Recorded information:

BEGIN

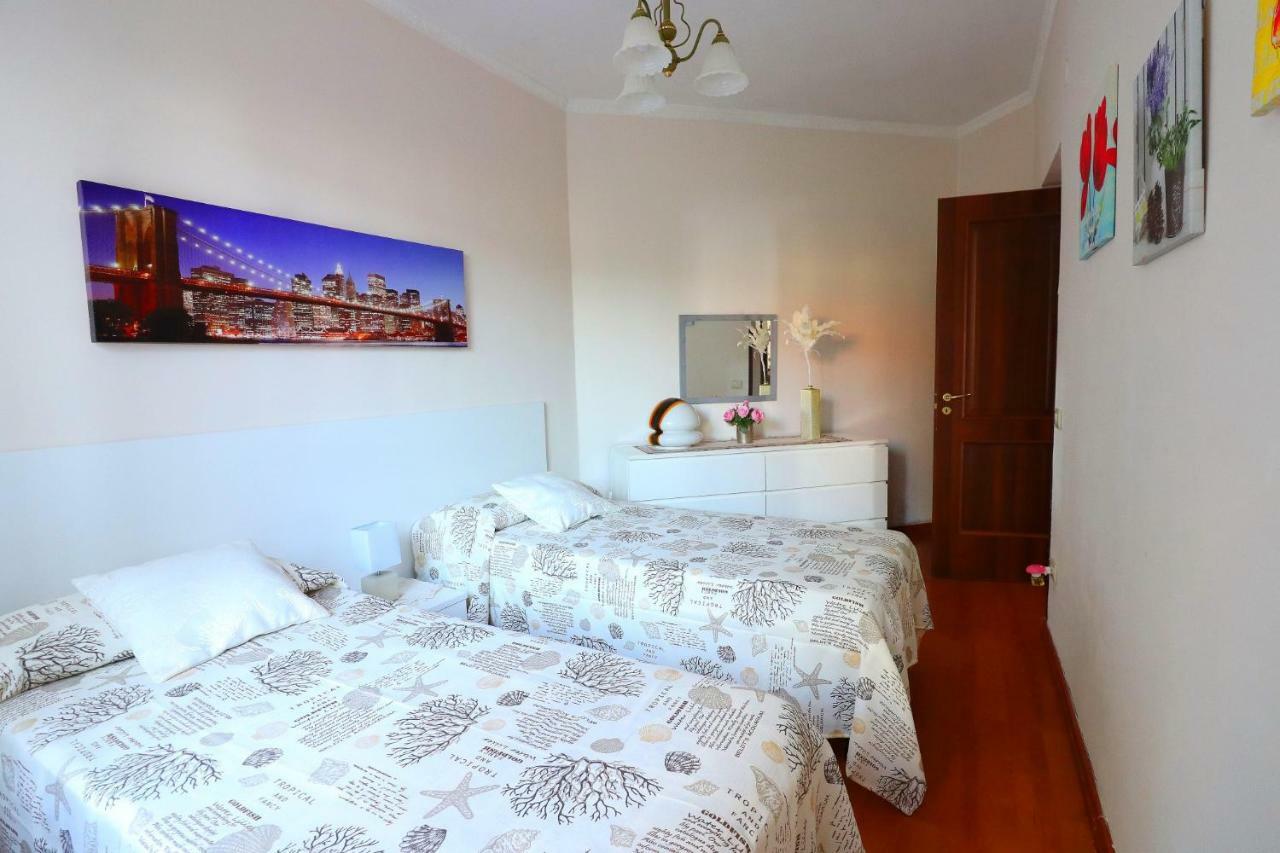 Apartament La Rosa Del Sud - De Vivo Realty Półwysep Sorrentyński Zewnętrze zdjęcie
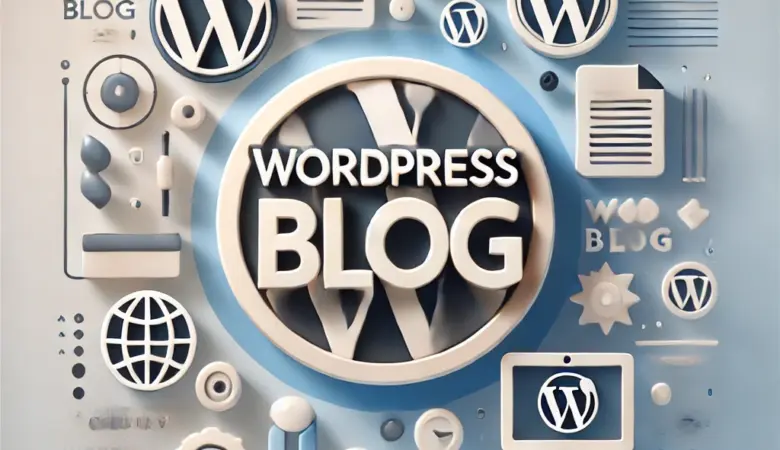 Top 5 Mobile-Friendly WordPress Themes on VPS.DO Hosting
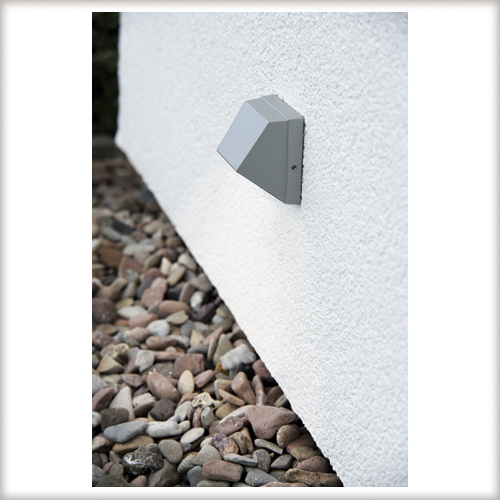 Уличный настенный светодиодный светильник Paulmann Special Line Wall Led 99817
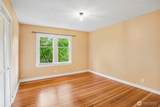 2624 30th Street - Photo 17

END

Every line above is to be given again exactly, apart from the pictures.

Expected answer:
 Apartament La Rosa Del Sud - De Vivo Realty Półwysep Sorrentyński Zewnętrze zdjęcie
 Top 5 Mobile-Friendly WordPress Themes on VPS.DO Hosting
 Уличный настенный светодиодный светильник Paulmann Special Line Wall Led 99817
 2624 30th Street - Photo 17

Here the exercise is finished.